Randy Katz serves as outside general counsel and special securities counsel to public and private companies, with a practice focused on securities, capital markets, corporate finance, and strategic transactions. He provides clients with hands-on, practical legal guidance throughout the lifecycle of complex transactions. He regularly advises publicly traded companies, particularly those in small- to mid-cap markets that may not have in-house legal resources or whose internal teams are stretched thin.

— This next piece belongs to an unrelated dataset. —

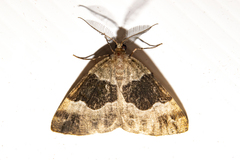 Pseudocoremia pergrata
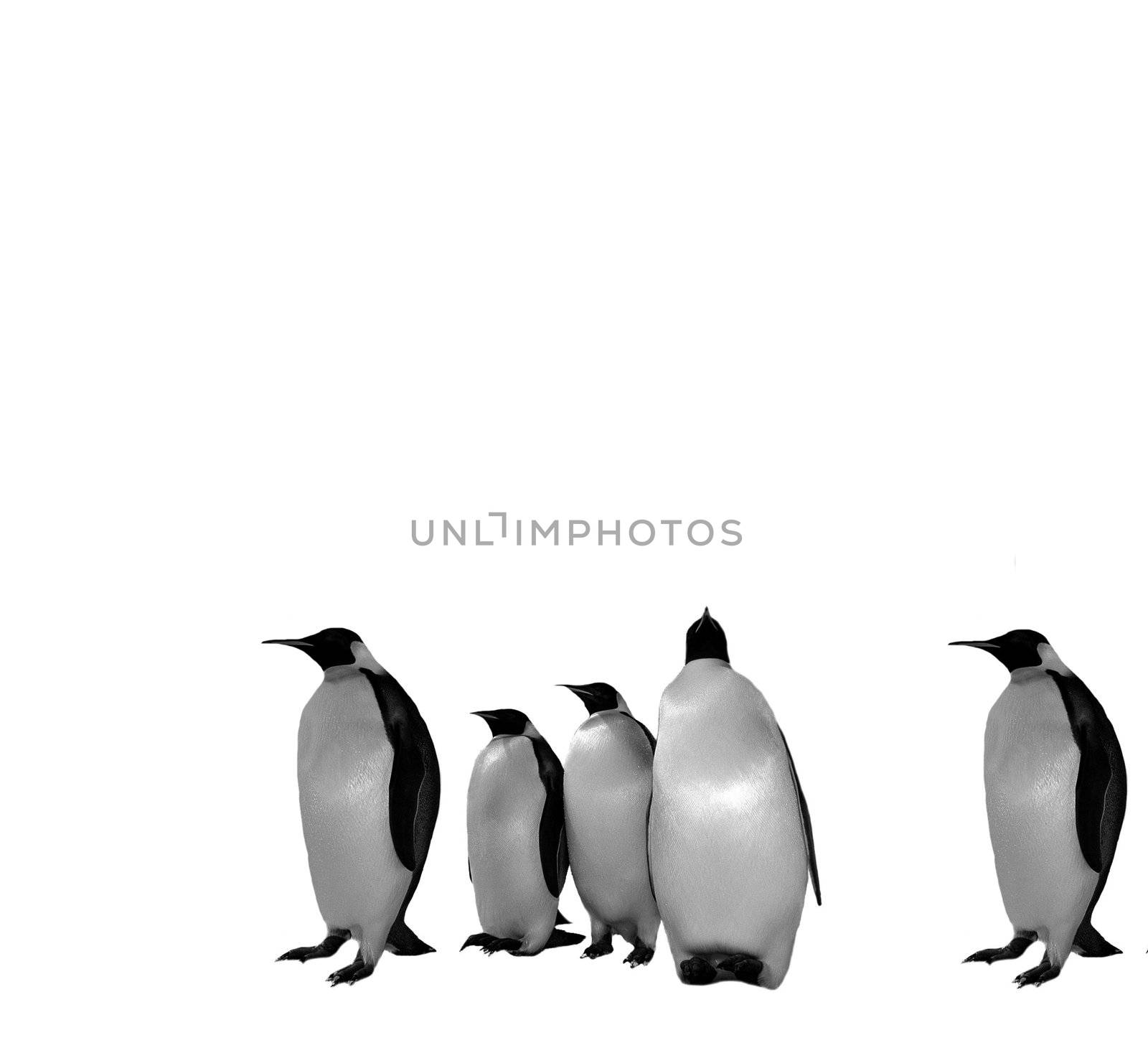Penguin Family Over white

Randy has extensive experience structuring and executing a wide range of public and private securities offerings, as well as advising on structuring transactions for issuers and funds. His capital markets practice includes significant work in public company financings, hybrid offerings, and innovative transaction structures designed to meet evolving market demands. He also counsels clients on tradability issues and liquidity strategies, helping them navigate regulatory requirements, while maximizing transaction flexibility and investor access.

Known for his creative, solutions-oriented approach, Randy brings a broad perspective to complex legal and business challenges. He works closely with clients to develop tailored strategies, identifying out-of-the-box opportunities and sophisticated structures that align with clients’ unique business objectives.

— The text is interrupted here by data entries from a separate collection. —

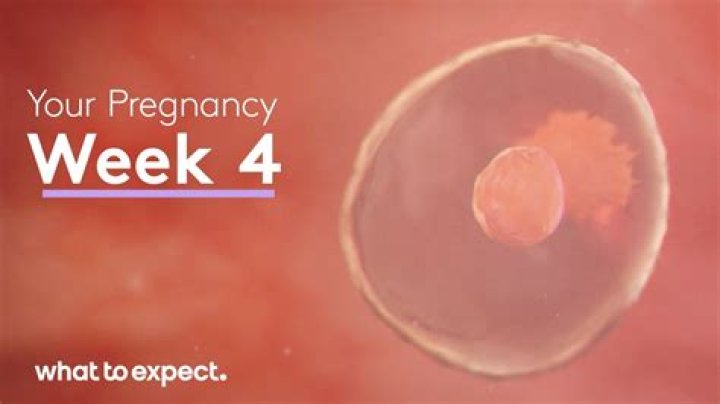 What does a fetus look like at 4 weeks?
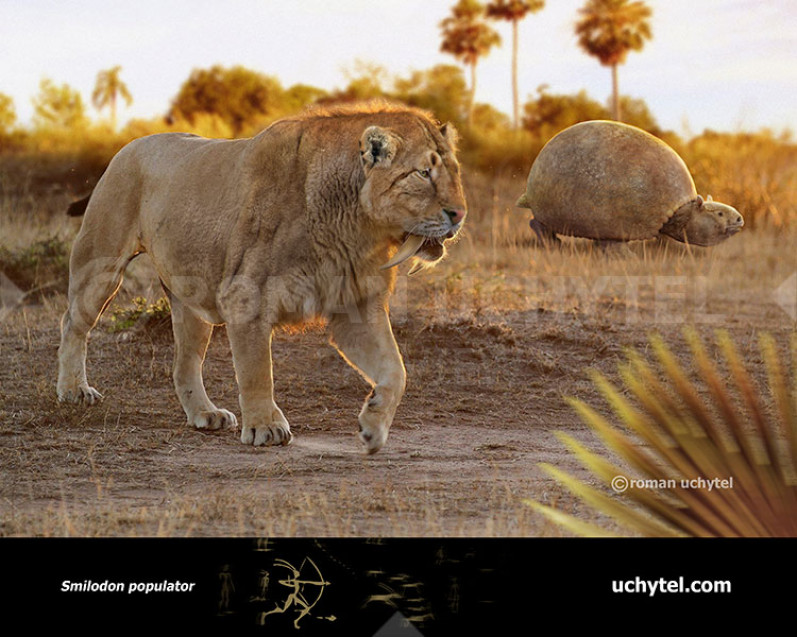 Smilodon populator Smilodon populator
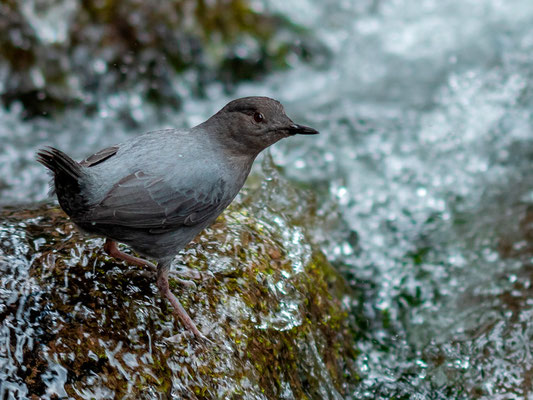 Cincle d'Amérique, Cinclus mexicanus. Rivière Savegre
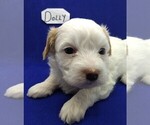 Puppy 2 Maltese-Poodle (Toy) Mix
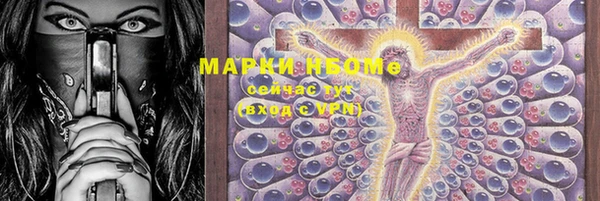 шишки Абаза
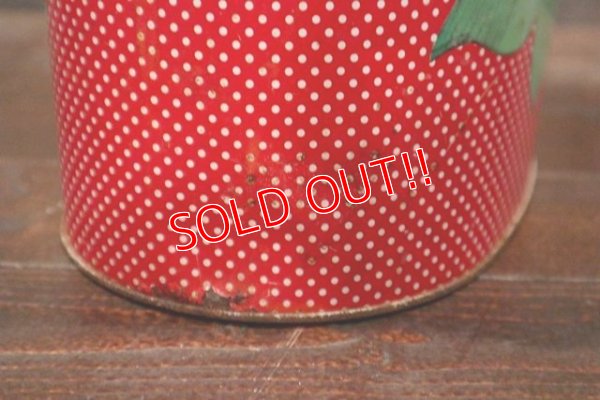 画像9: ct-1902021-10 Strawberry Shortcake / Cheinco 1980's Trash Box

In addition to his capital markets work, Randy represents clients in mergers and acquisitions, including both buy-side and sell-side transactions, and provides ongoing counsel on corporate governance and regulatory compliance. His integrated approach enables him to guide companies through complex, high-stakes matters, while remaining focused on achieving practical, business-driven outcomes.

Earlier in his career, Randy served as managing partner of the Orange County, California, office of an Am Law 100 national law firm and was a member of its national executive committee, further underscoring his leadership experience and deep understanding of the legal and business landscape.

Education

A.B., University of California-Berkeley, Berkeley, California
J.D., University of California, Los Angeles School of Law, Los Angeles, California

State Bar Licenses

California, District of Columbia

Court Admissions

U.S. Court of Appeals, 9th Circuit
U.S. District Ct., C.D. of California
U.S. District Ct., E.D. of California
U.S. District Ct., N.D. of California
U.S. District Ct., S.D. of California

Experience

  • Represented a publicly-traded natural resources company in its amalgamation with a second publicly traded natural resources company. An innovative structure was devised to effectuate the transaction without it being categorized as a reverse merger from either an accounting or a securities disclosure perspective, as, on its face, the transaction appeared to fit squarely within those definitions. In connection with the structuring of the transaction, a fully analyzed fairness opinion was obtained and cleared with the Securities and Exchange Commission and with the senior exchange on which the resulting company’s common stock was subsequently listed for trading.
  • Represented a publicly-traded foreign corporation in a first-of-its-kind domestication transaction with The NASDAQ Stock Market, while employing a previously unused exemption under the Securities Exchange Act of 1934 for proxy and stock-for-stock exchange purposes.
  • Represented public and private companies in debt and equity financings in excess of an aggregate of $1 billion.
  • Structured reverse-split transactions for a variety of publicly-traded companies in a manner that preserved the aggregate number of “round lot” equity holders for public market compliance purposes; obtained approvals from DTCC, The NASDAQ Stock Market, and the New York Stock Exchange for that structure.
  • Structured a series of two-step transactions for publicly traded companies that resulted in their effectuating reverse splits coupled with increases in the number of their authorized but unissued shares of common stock, in each case without requiring stockholder approval for either part of the transactions; obtained approvals from DTCC, FINRA, and the Securities and Exchange Commission for that structure.
  • Represented various public companies in connection with FINRA investigations regarding securities placements or unusual trading patterns.
  • Represented various individuals in connection with Securities and Exchange Commission investigations regarding unusual trading patterns.
  • Represented an international equipment manufacturer and its principals in the prosecution (through a cross-complaint) of a multimillion-dollar fraud, conversion, and corporate dissolution matter. Litigated the matter for more than two years and obtained court-ordered dissolution of the plaintiff’s company, forced the plaintiff’s majority shareholder into personal bankruptcy, and obtained a full defense judgment for the client and its principals in the original action.
  • Was involved in the negotiation and structure of a complex lease and joint venture agreement for the initial exploration and the subsequent option to acquire and conduct a joint venture operation for the redevelopment of a historic Colorado underground precious metals mine. The transaction involved 11 separate agreements to cover all aspects of the series of transactions. Used extensive deal/financing structure experience to implement the client’s status as operator of the joint venture.